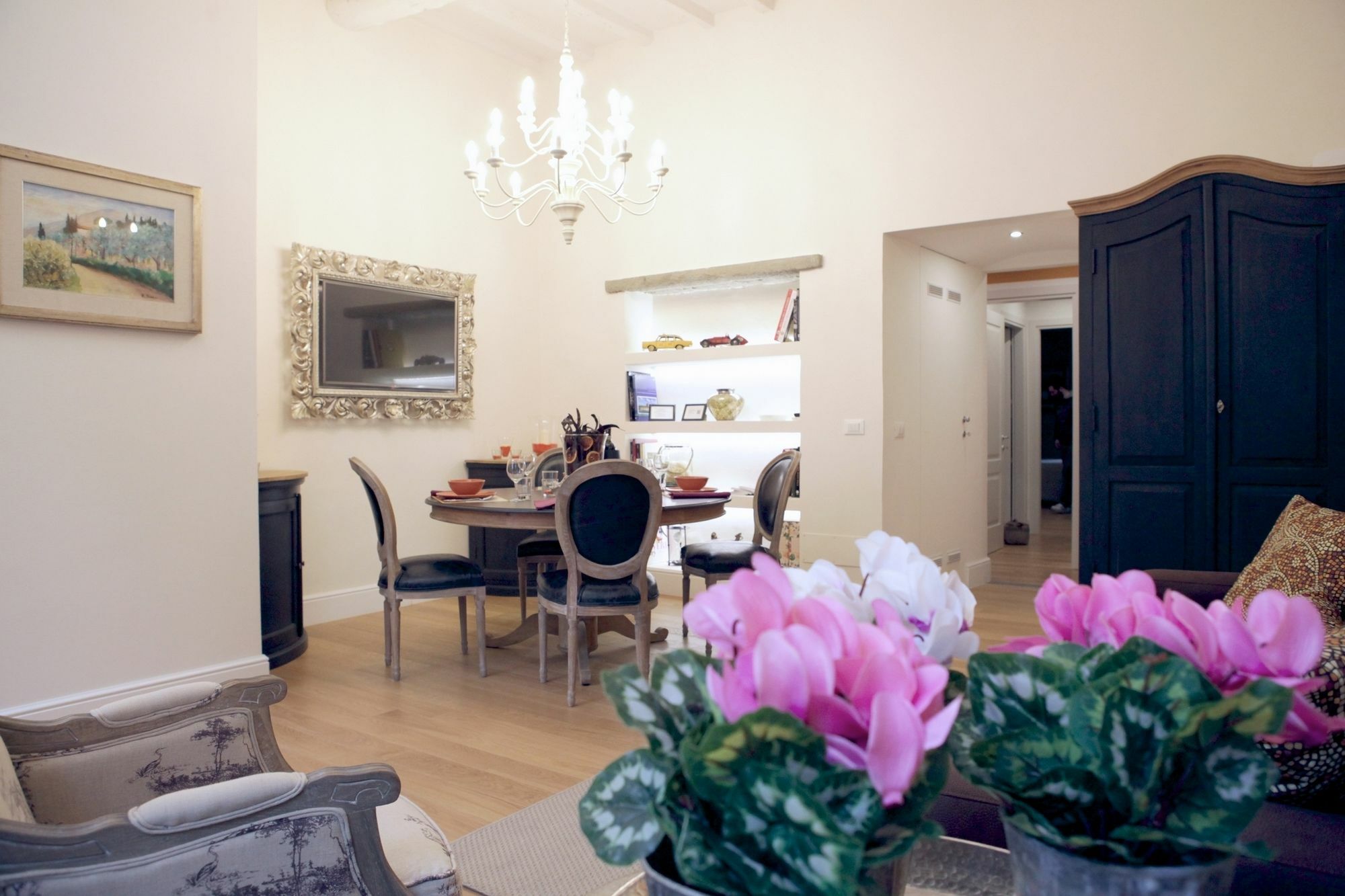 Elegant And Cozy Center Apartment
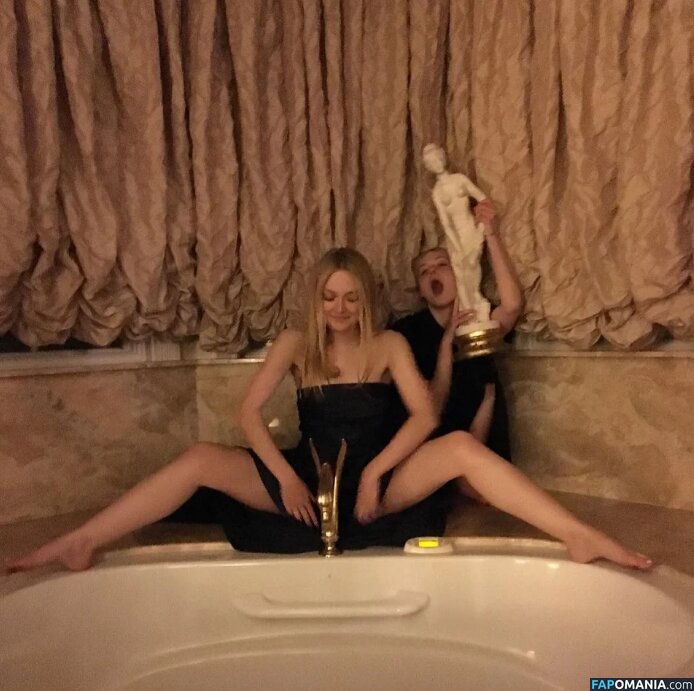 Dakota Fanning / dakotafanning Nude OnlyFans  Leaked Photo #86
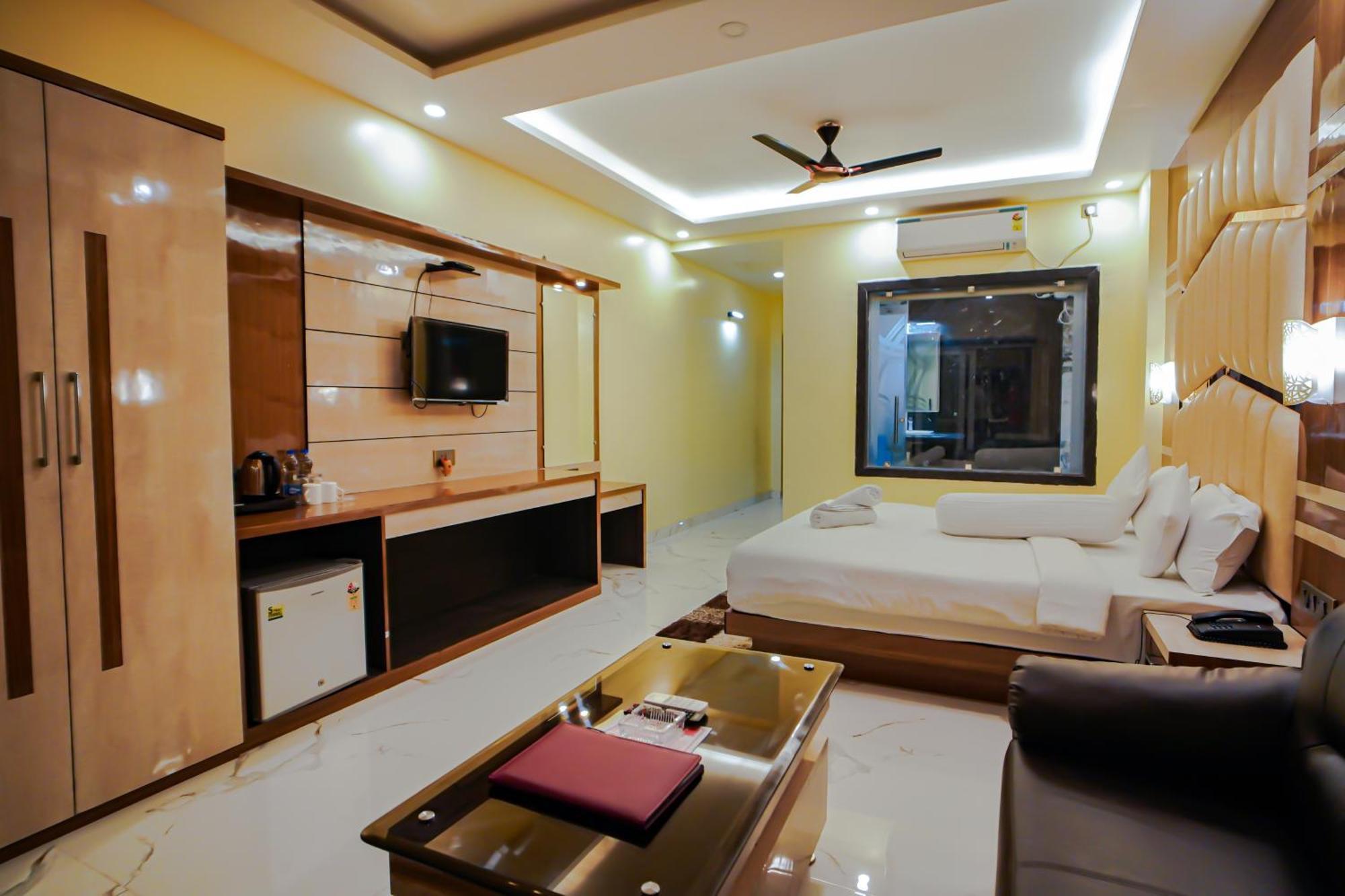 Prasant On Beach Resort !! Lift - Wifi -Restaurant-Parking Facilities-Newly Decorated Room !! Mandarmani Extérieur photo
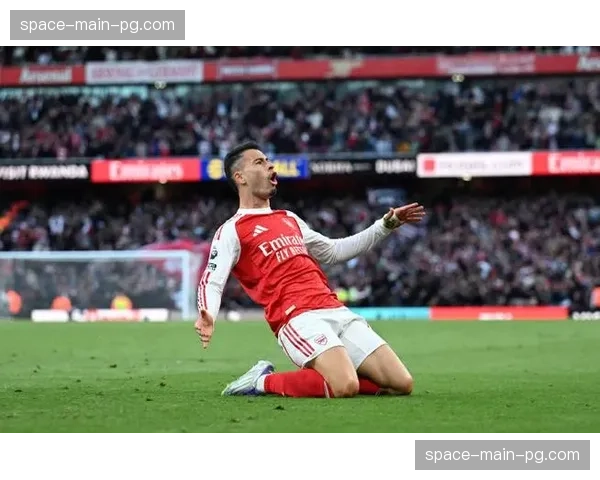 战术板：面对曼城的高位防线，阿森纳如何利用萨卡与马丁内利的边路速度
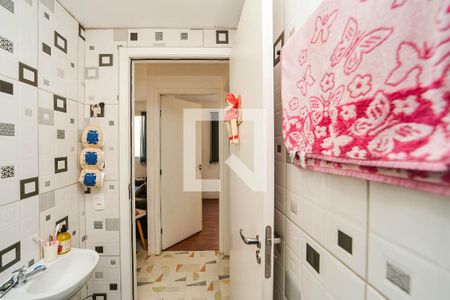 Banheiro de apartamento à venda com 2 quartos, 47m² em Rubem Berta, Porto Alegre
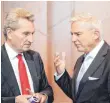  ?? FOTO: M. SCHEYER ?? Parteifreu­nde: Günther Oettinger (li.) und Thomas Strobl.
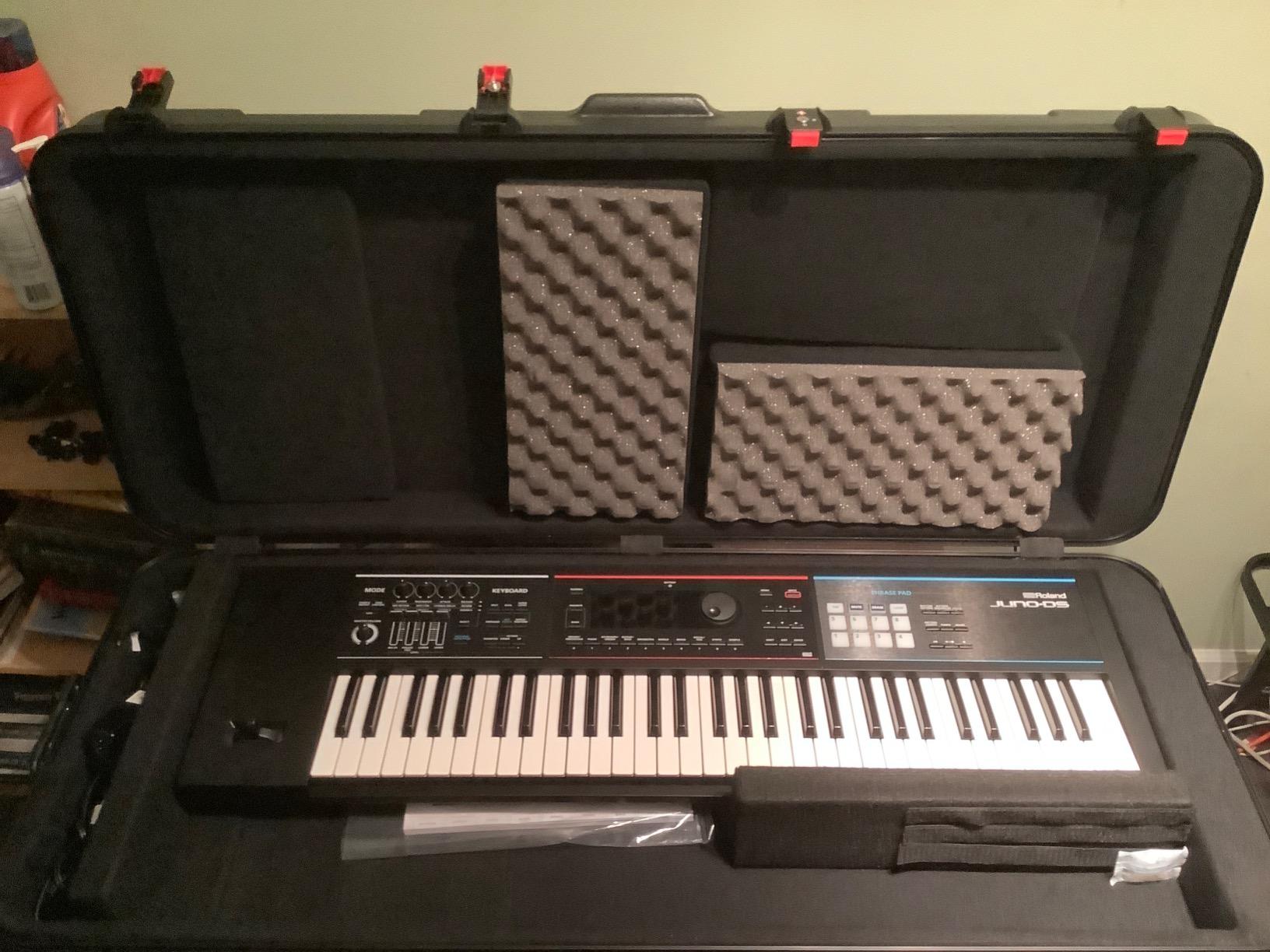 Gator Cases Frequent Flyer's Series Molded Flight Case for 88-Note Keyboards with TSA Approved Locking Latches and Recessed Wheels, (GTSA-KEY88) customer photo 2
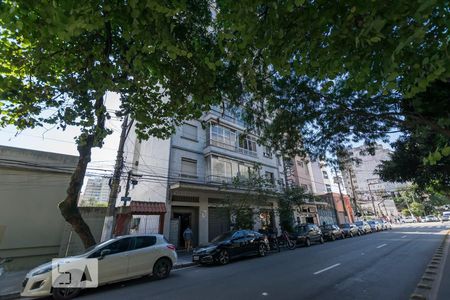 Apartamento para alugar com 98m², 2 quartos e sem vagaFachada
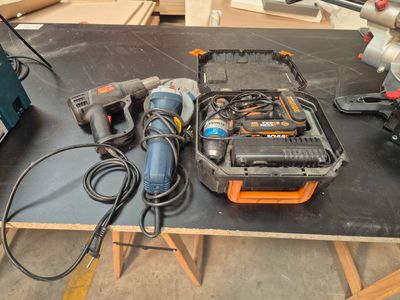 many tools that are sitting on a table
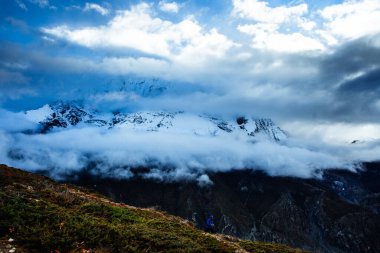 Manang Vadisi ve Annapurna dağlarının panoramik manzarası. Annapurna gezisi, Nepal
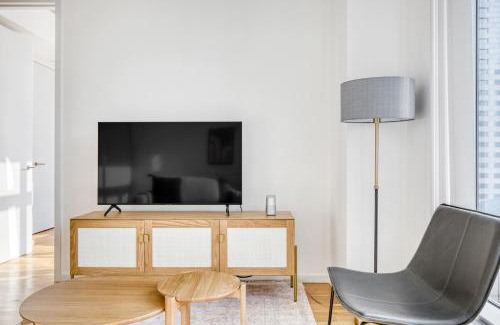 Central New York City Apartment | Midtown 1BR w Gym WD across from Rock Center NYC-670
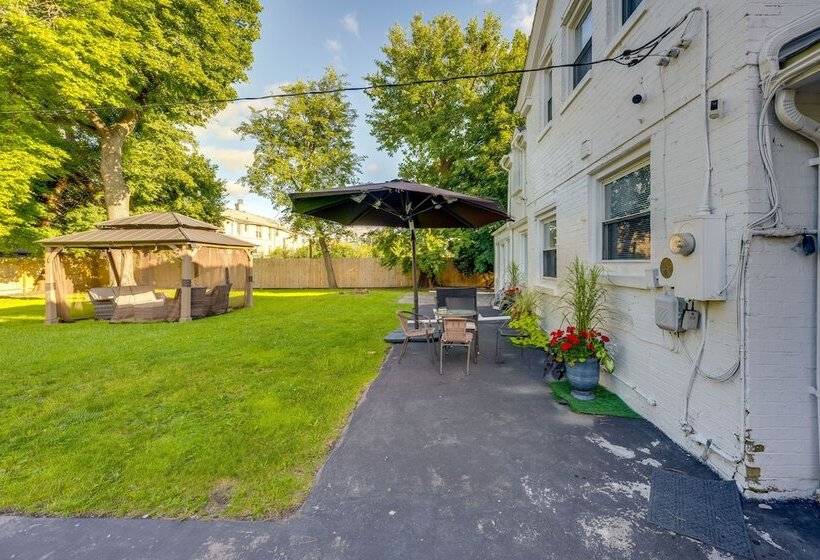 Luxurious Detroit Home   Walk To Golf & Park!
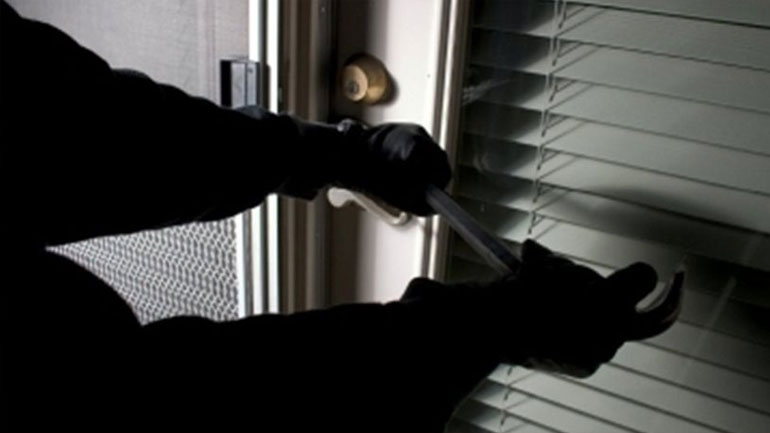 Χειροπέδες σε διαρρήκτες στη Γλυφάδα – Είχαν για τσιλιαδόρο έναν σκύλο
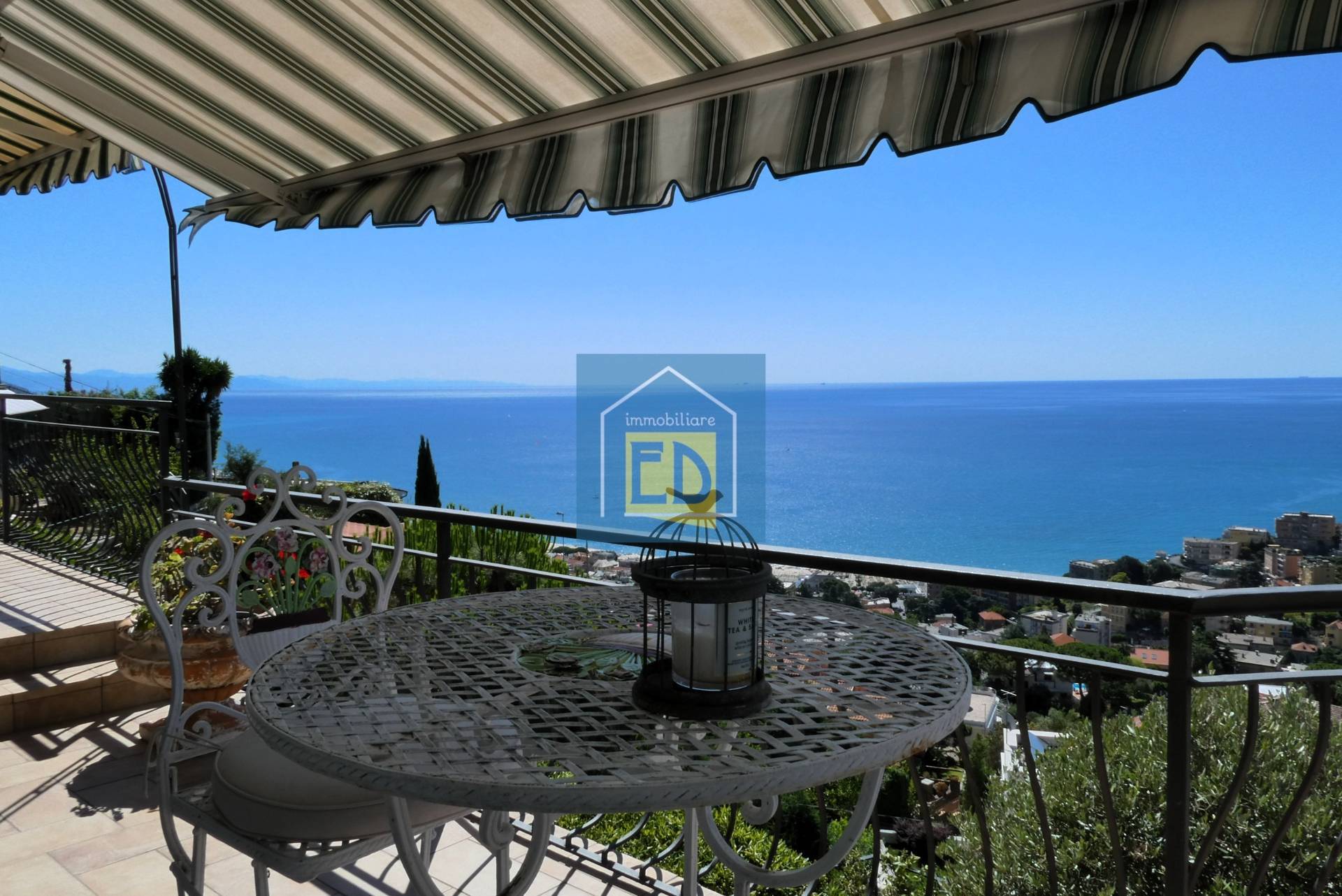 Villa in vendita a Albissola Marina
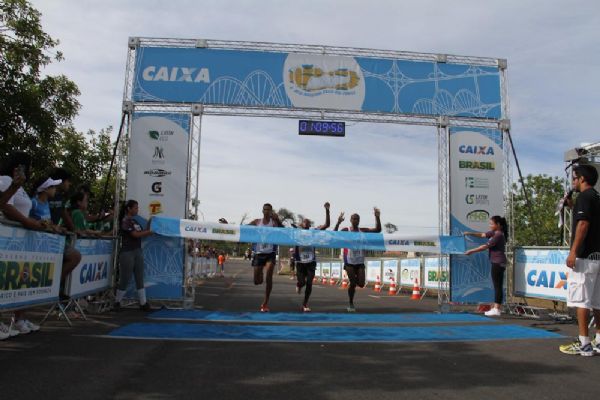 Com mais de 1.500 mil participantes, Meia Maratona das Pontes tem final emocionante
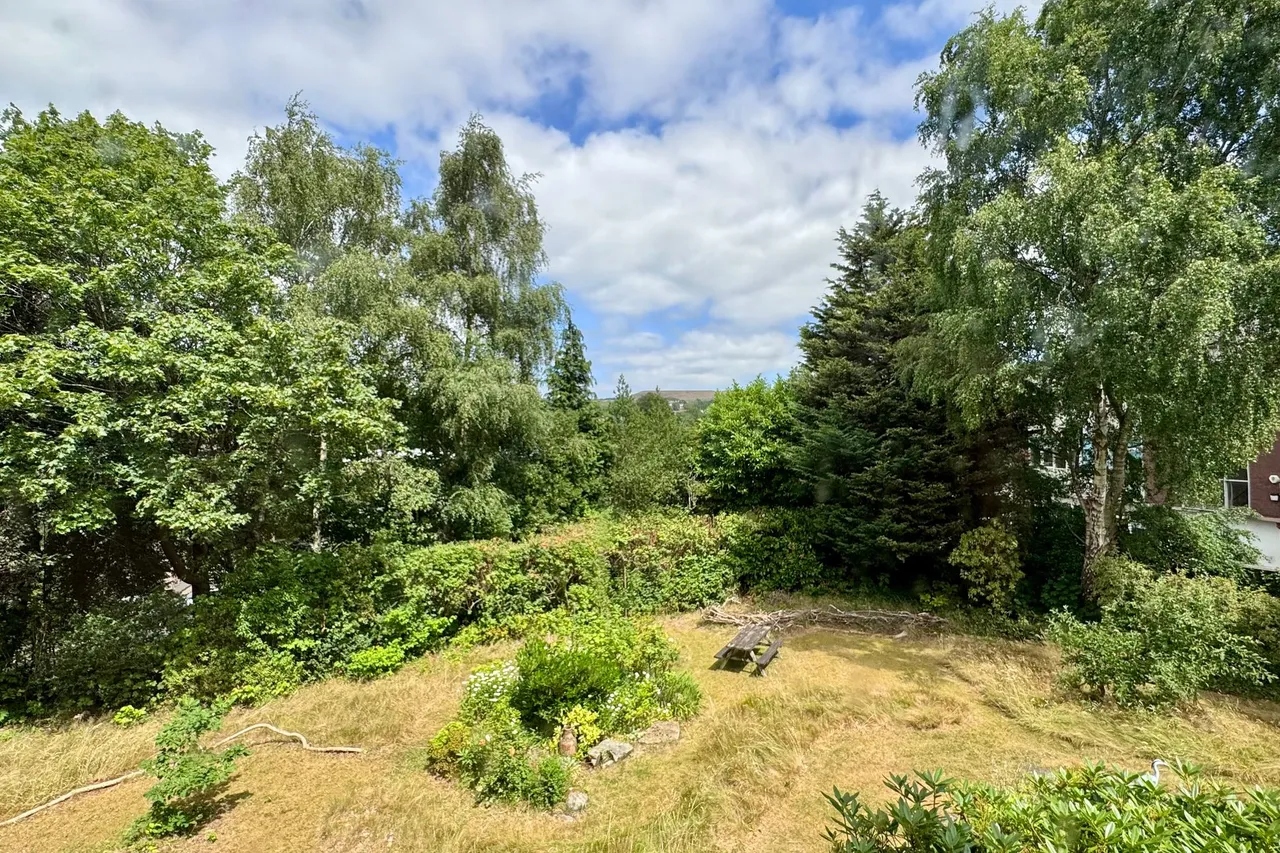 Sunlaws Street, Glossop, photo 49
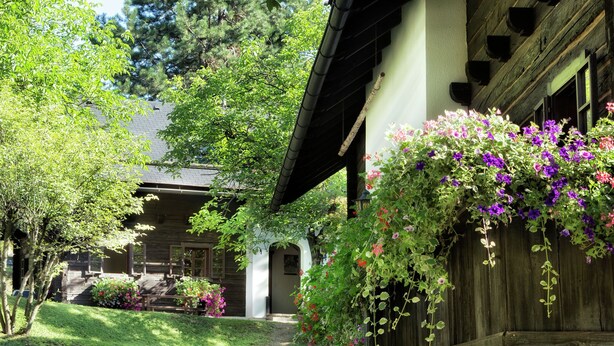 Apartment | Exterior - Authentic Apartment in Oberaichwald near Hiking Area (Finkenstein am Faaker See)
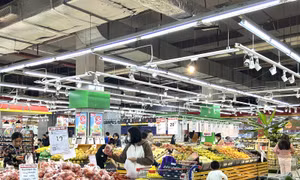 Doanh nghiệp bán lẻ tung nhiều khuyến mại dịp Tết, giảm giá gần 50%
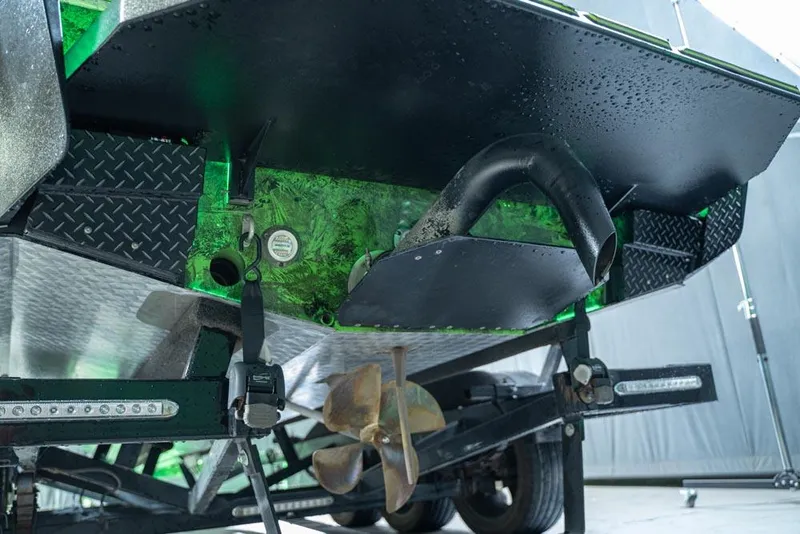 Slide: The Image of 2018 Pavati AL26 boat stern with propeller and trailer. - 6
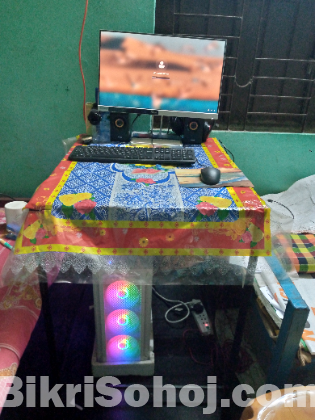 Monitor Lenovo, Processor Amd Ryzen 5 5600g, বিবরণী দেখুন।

= = = =

**About this task:**
Using the entries above, write out exactly the lines from the one with "Prasant On Beach" through the one with "Apartment | Exterior", ends included. Leave out any pictures.

**Response for this exercise:**
 Prasant On Beach Resort !! Lift - Wifi -Restaurant-Parking Facilities-Newly Decorated Room !! Mandarmani Extérieur photo
 战术板：面对曼城的高位防线，阿森纳如何利用萨卡与马丁内利的边路速度
 Banheiro de apartamento à venda com 2 quartos, 47m² em Rubem Berta, Porto Alegre
  ?? FOTO: M. SCHEYER ?? Parteifreu­nde: Günther Oettinger (li.) und Thomas Strobl.
 Gator Cases Frequent Flyer's Series Molded Flight Case for 88-Note Keyboards with TSA Approved Locking Latches and Recessed Wheels, (GTSA-KEY88) customer photo 2
 Apartamento para alugar com 98m², 2 quartos e sem vagaFachada
 many tools that are sitting on a table
 Manang Vadisi ve Annapurna dağlarının panoramik manzarası. Annapurna gezisi, Nepal
 Central New York City Apartment | Midtown 1BR w Gym WD across from Rock Center NYC-670
 Luxurious Detroit Home   Walk To Golf & Park!
 Χειροπέδες σε διαρρήκτες στη Γλυφάδα – Είχαν για τσιλιαδόρο έναν σκύλο
 Villa in vendita a Albissola Marina
 Com mais de 1.500 mil participantes, Meia Maratona das Pontes tem final emocionante
 Sunlaws Street, Glossop, photo 49
 Apartment | Exterior - Authentic Apartment in Oberaichwald near Hiking Area (Finkenstein am Faaker See)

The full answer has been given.